Buprenorphine Precipitated Opioid Withdrawal: Tips for Prevention and Management for the Emergency Clinician

We are proud to announce our winner for the Essentials of Emergency Medicine Fellow Competition. We received numerous, high-quality submissions for the Essentials of Emergency Medicine competition.  Over the next several weeks we will be publishing each of these. Today, we feature our winner: Buprenorphine Precipitated Opioid Withdrawal, by Dr. Tony Spadaro (@TSpadaro91).

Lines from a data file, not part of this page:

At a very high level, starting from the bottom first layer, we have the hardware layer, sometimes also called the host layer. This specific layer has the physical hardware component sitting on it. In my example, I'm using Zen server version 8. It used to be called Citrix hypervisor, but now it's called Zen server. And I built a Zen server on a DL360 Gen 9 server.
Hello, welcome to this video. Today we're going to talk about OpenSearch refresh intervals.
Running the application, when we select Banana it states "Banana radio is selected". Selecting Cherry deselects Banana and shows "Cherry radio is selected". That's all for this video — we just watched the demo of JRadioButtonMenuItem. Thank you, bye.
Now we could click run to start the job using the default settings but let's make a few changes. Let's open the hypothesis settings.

Dr. Spadaro is a current EM resident (PGY-3) at the University of Pennsylvania.

Authors: Tony Spadaro, MD, MPH (@TSpadaro91, EM Resident Physician at the Hospital of the University of Pennsylvania) and Jeanmarie Perrone, MD, FACEP, FACMT (EM and Toxicology Attending at the Hospital of the University of Pennsylvania) // Reviewed by Alex Koyfman, MD (@EMHighAK); Brit Long, MD (@long_brit)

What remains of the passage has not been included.